Work item
From the line containing "Villa Val Zuanaga Rovinj-Veštar" to the final line of the material below, return every line exactly. Do not include pictures.

[[ Information provided, beginning ]]

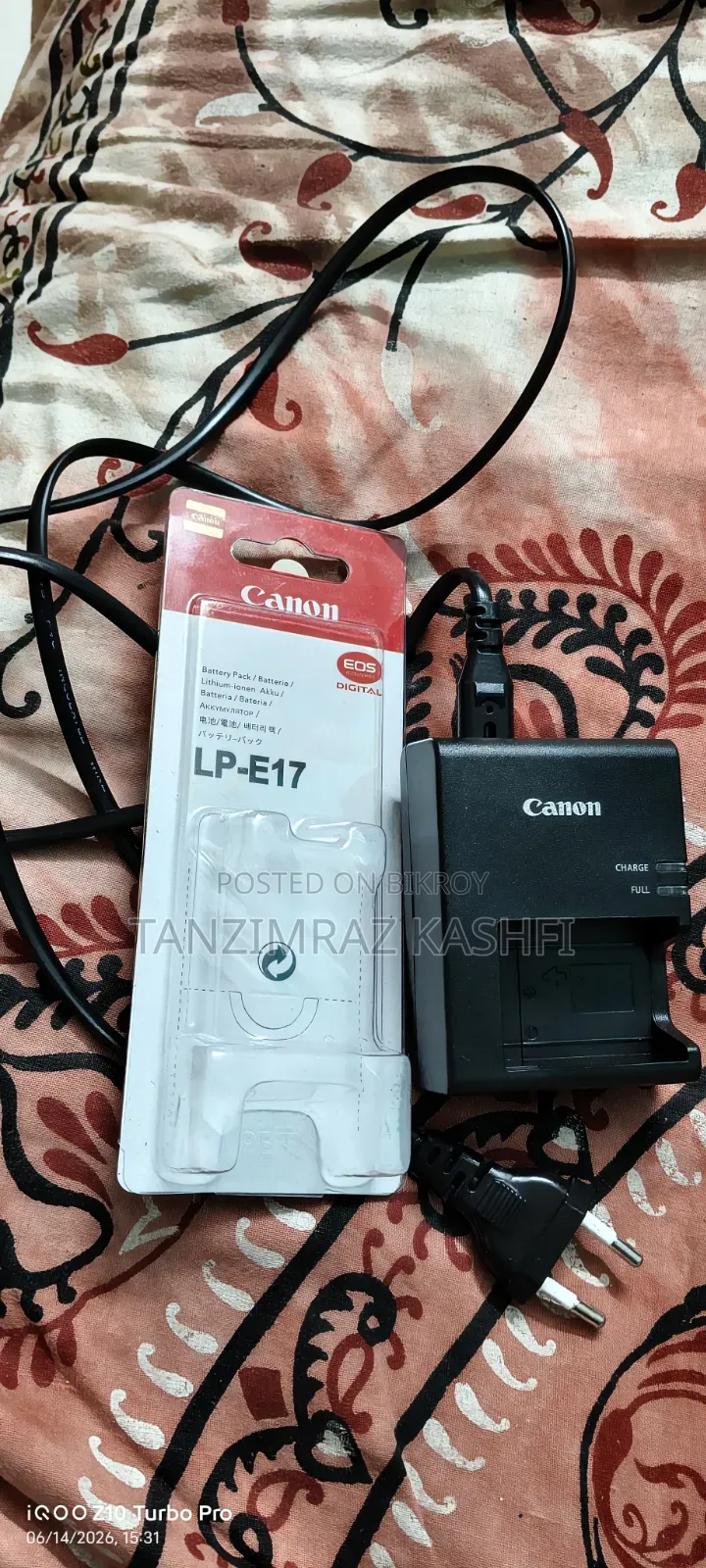 Canon 200d With 50mm Stm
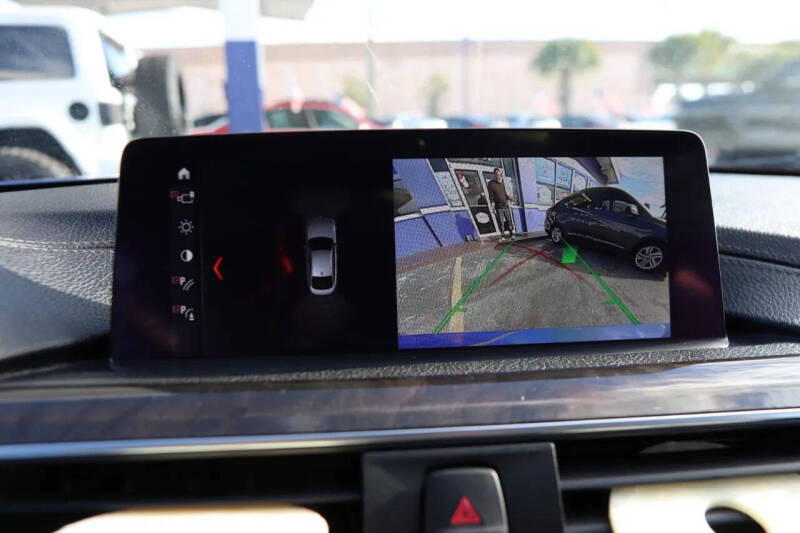 2019 BMW 4 Series 430i xDrive Gran Coupe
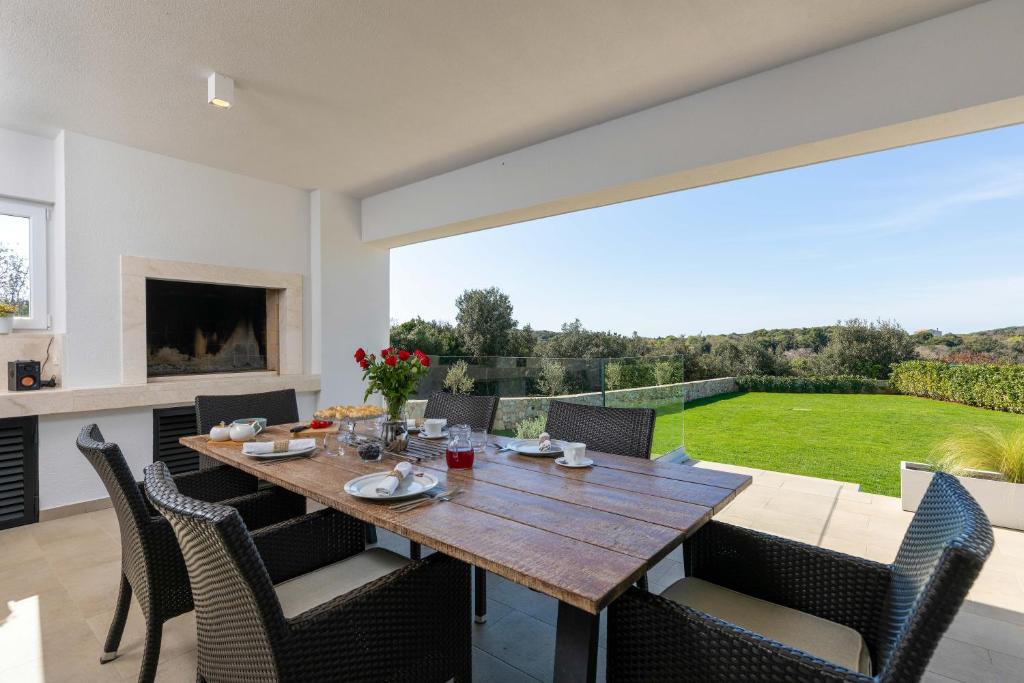 Villa Val Zuanaga Rovinj-Veštar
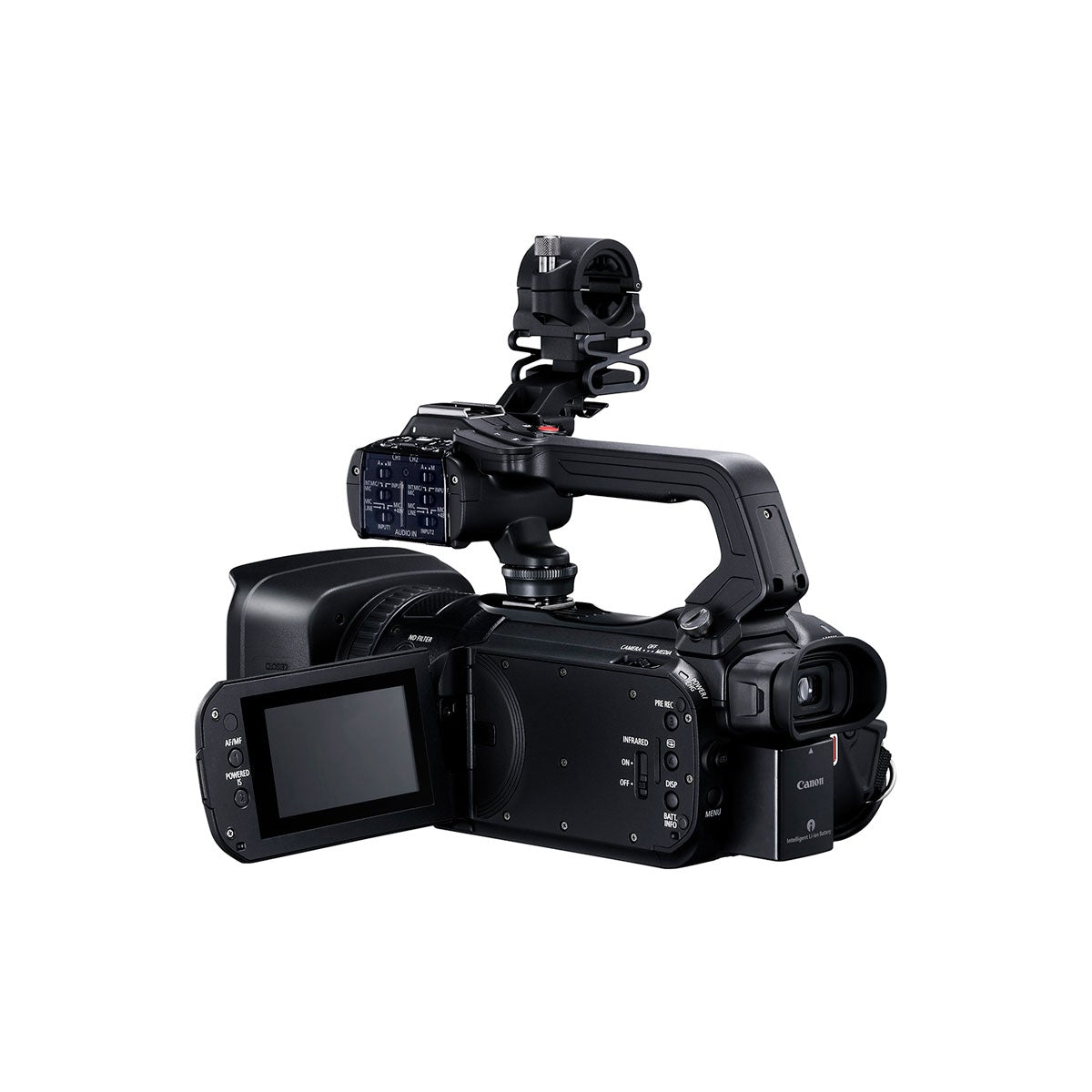 Canon XA50 Professional UHD 4K Camcorder *Open Box*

[[ Information provided, end ]]

Problem solution
 Villa Val Zuanaga Rovinj-Veštar
 Canon XA50 Professional UHD 4K Camcorder *Open Box*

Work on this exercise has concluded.